▸ **WORK INSTRUCTION**: Repeat the listing below in full and exactly. Pictures are to be omitted.

▸ **RAW DATA**:
◇ ◇ ◇ ◇ ◇
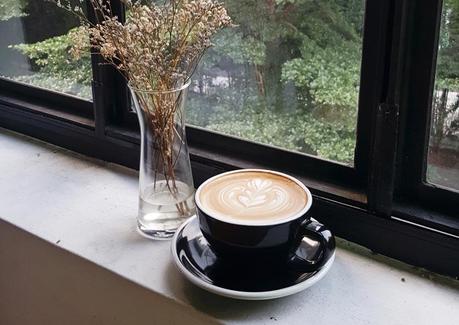 Berlin cup of coffee on windowpane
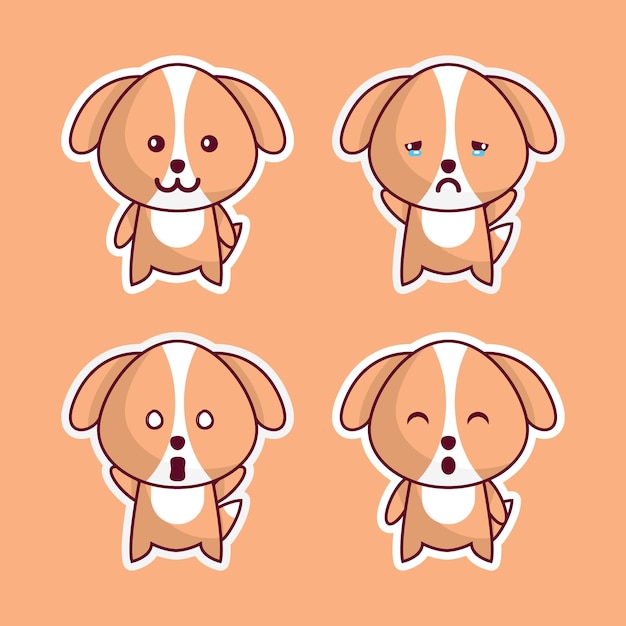 perros lindos en varias expresiones.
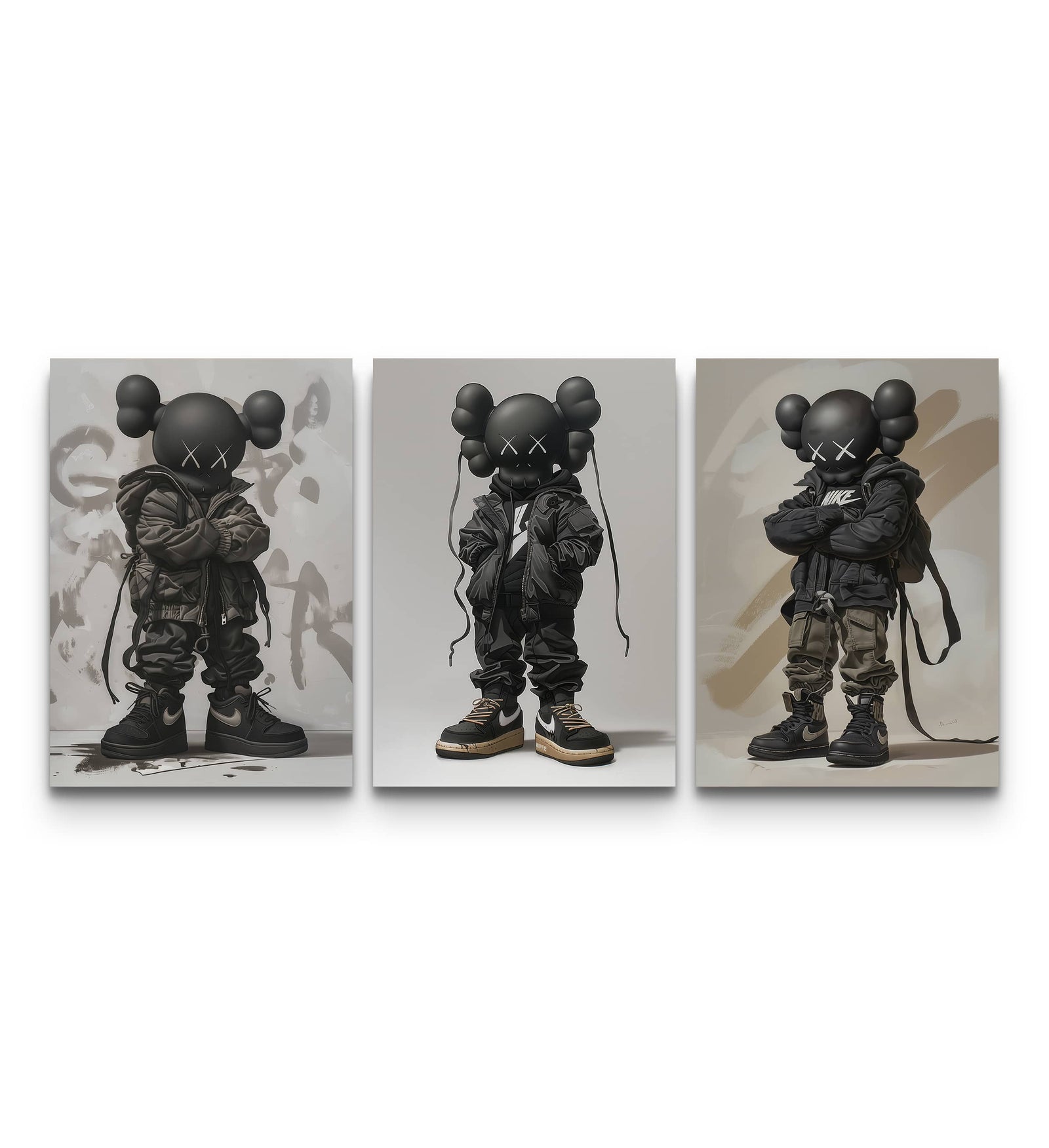 Three-panel KAWS Nike Street wall art set with all-black figures in Nike gear over graffiti backdrops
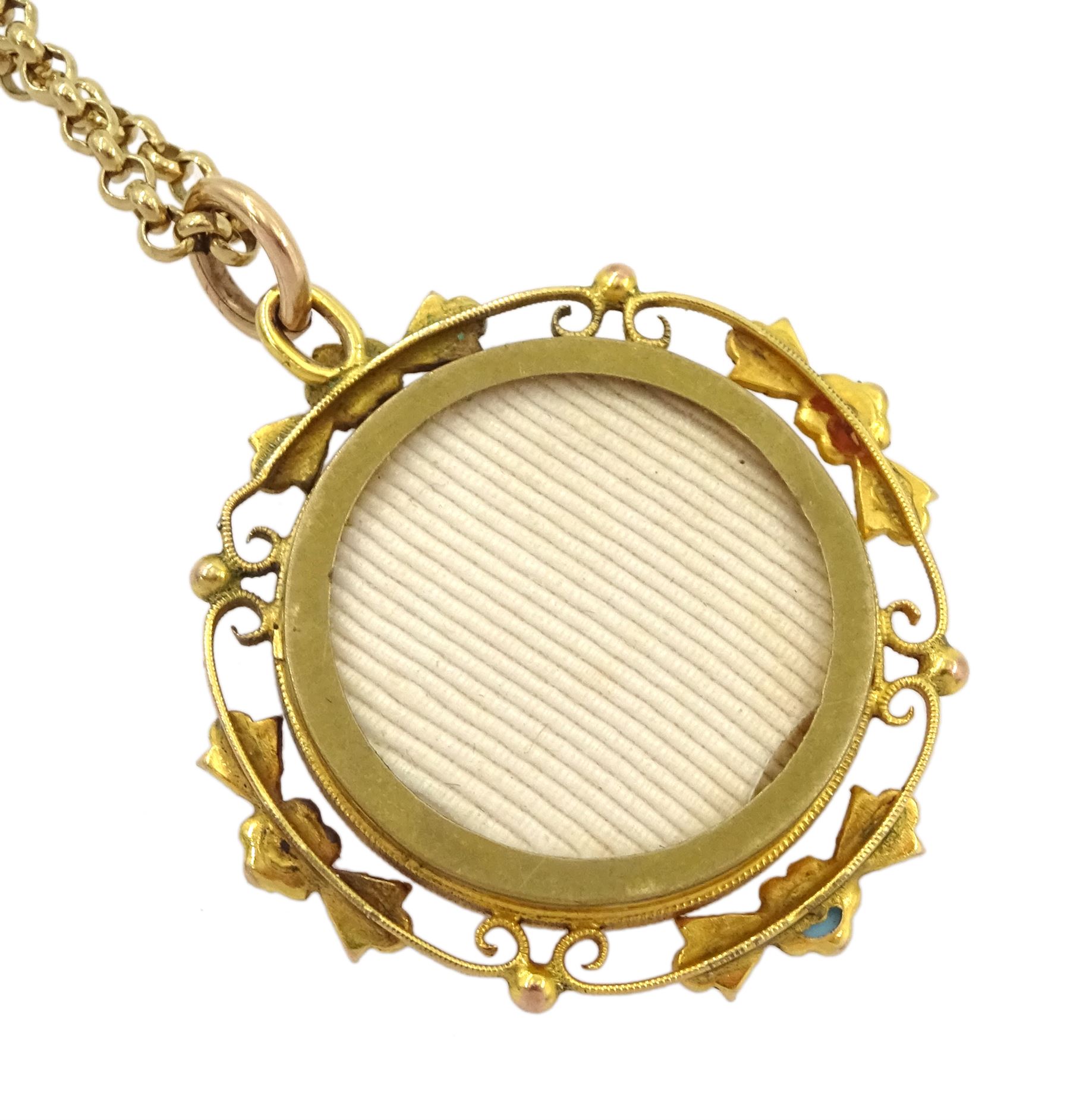 Early 20th century 9ct gold turquoise and seed pearl glazed locket pendant, on later 9ct gold link chain necklace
◇ ◇ ◇ ◇ ◇
▸ **TASK RESPONSE**:
 Berlin cup of coffee on windowpane
 perros lindos en varias expresiones.
 Three-panel KAWS Nike Street wall art set with all-black figures in Nike gear over graffiti backdrops
 Early 20th century 9ct gold turquoise and seed pearl glazed locket pendant, on later 9ct gold link chain necklace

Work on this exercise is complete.